Downloading and interpreting search results:
When constructing a custom reference library, always download the Genetic Data (FASTA format) and Metadata (csv) for selections from the search results. These files work together to ensure the genetic data is properly linked with it’s description.
Genetic Data (FASTA format): In FASTA format the line before the nucleotide sequence, called the FASTA definition line, must begin with a carat (“>”), followed by a unique sequence identifier. For sequences downloaded from CaMDL, the sequence identifier is always the occurrenceID, which is a globally unique identifier for each sequence in CaMDL. The occurrenceID matches each record in the associated metadata csv file. This is the only relational element between the Genetic Data and Metadata files, as sequences alone aren’t guaranteed to be unique.

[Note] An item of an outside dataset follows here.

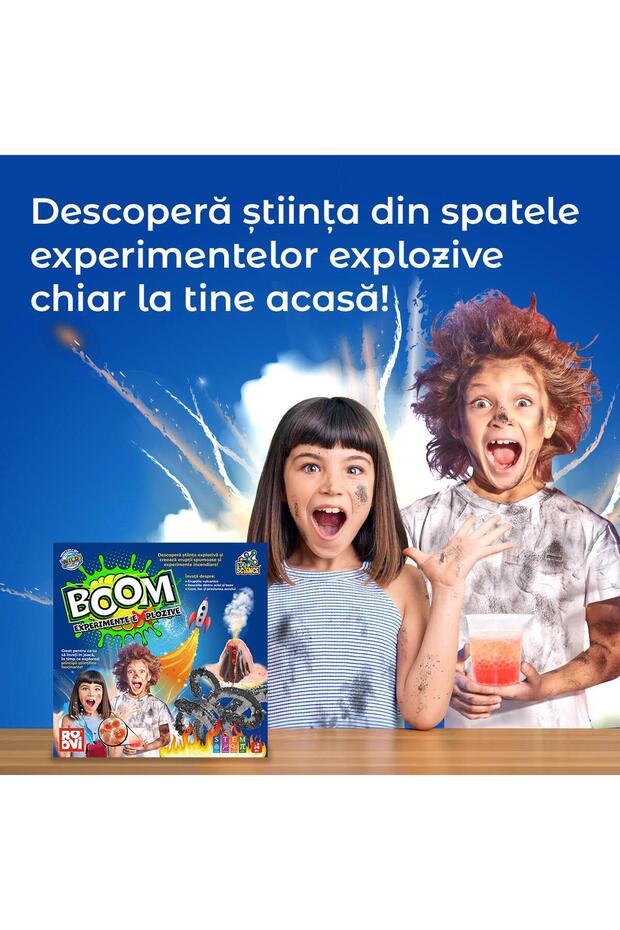 BOOM – Experimente Explozive - 3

The FASTA formatted Genetic Data file is ready to be re-formatted to suit the needs of taxonomic assignment. Follow instructions here to format FASTA files into a BLAST database for use with BLAST+ software.
Metadata (csv): Each gene record that shows as a search result has associated metadata. All of the metadata terms are aligned with Darwin Core (DwC) data standard terminology used by the Ocean Biodiversity Information System (OBIS) and the “Minimum Information about any (X) Sequence” (MIxS) specification generated by the Genomic Standards Consortium (Yilmaz et al., 2011).
More information about the Darwin Core Archive biodiversity informatics data standard can be found on the GBIF website (Darwin Core Archives – How-to Guide :: GBIF IPT User Manual).
Metadata terms can be accessed in Appendix 1 of this document and as an excel spreadsheet in the ‘Resources’ section of the website. Terms are classified into required, recommended, or optional. The spreadsheet includes the term name (which is the name also found on any downloaded metadata files), the definition, and an example of the text.